** Try it **
The expected answer holds every line from the first line of the data below through the line containing "John Deere T670 - Moissonneuse-batteuse: photos 5 John", exactly as written, and no other line.

** Exercise input **

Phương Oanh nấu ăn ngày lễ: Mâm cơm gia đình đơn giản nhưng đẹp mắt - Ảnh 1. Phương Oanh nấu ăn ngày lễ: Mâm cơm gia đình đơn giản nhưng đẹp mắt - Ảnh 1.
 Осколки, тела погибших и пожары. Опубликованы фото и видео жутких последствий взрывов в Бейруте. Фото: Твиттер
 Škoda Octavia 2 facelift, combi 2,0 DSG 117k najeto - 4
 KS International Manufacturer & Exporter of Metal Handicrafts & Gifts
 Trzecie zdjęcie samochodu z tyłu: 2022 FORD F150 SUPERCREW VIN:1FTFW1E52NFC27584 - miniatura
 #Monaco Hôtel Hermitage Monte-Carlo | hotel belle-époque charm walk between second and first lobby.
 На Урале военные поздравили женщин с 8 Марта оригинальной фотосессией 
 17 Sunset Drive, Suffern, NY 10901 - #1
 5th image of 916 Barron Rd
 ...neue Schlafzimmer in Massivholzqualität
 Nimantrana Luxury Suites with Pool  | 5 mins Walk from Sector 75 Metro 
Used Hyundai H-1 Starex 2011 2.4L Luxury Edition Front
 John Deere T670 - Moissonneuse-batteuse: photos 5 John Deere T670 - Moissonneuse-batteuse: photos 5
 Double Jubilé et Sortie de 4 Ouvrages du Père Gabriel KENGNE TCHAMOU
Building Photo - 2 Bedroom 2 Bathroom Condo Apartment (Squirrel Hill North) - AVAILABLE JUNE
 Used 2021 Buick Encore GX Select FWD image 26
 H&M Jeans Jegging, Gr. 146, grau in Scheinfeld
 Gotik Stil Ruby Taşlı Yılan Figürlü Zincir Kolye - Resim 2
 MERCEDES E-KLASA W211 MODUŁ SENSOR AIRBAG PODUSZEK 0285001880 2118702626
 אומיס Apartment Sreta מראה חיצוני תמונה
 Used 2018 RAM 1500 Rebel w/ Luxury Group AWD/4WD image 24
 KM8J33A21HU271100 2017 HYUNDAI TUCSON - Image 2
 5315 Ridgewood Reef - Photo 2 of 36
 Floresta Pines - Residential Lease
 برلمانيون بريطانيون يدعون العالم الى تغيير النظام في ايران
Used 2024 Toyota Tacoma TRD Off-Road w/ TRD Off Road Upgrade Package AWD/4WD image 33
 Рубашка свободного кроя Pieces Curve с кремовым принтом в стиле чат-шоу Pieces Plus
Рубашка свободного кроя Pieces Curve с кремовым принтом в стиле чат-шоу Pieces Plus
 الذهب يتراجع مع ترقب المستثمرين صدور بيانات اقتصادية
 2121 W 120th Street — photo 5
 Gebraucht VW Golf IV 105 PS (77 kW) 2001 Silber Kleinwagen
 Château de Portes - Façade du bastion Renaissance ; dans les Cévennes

** The answer **
Phương Oanh nấu ăn ngày lễ: Mâm cơm gia đình đơn giản nhưng đẹp mắt - Ảnh 1. Phương Oanh nấu ăn ngày lễ: Mâm cơm gia đình đơn giản nhưng đẹp mắt - Ảnh 1.
 Осколки, тела погибших и пожары. Опубликованы фото и видео жутких последствий взрывов в Бейруте. Фото: Твиттер
 Škoda Octavia 2 facelift, combi 2,0 DSG 117k najeto - 4
 KS International Manufacturer & Exporter of Metal Handicrafts & Gifts
 Trzecie zdjęcie samochodu z tyłu: 2022 FORD F150 SUPERCREW VIN:1FTFW1E52NFC27584 - miniatura
 #Monaco Hôtel Hermitage Monte-Carlo | hotel belle-époque charm walk between second and first lobby.
 На Урале военные поздравили женщин с 8 Марта оригинальной фотосессией 
 17 Sunset Drive, Suffern, NY 10901 - #1
 5th image of 916 Barron Rd
 ...neue Schlafzimmer in Massivholzqualität
 Nimantrana Luxury Suites with Pool  | 5 mins Walk from Sector 75 Metro 
Used Hyundai H-1 Starex 2011 2.4L Luxury Edition Front
 John Deere T670 - Moissonneuse-batteuse: photos 5 John Deere T670 - Moissonneuse-batteuse: photos 5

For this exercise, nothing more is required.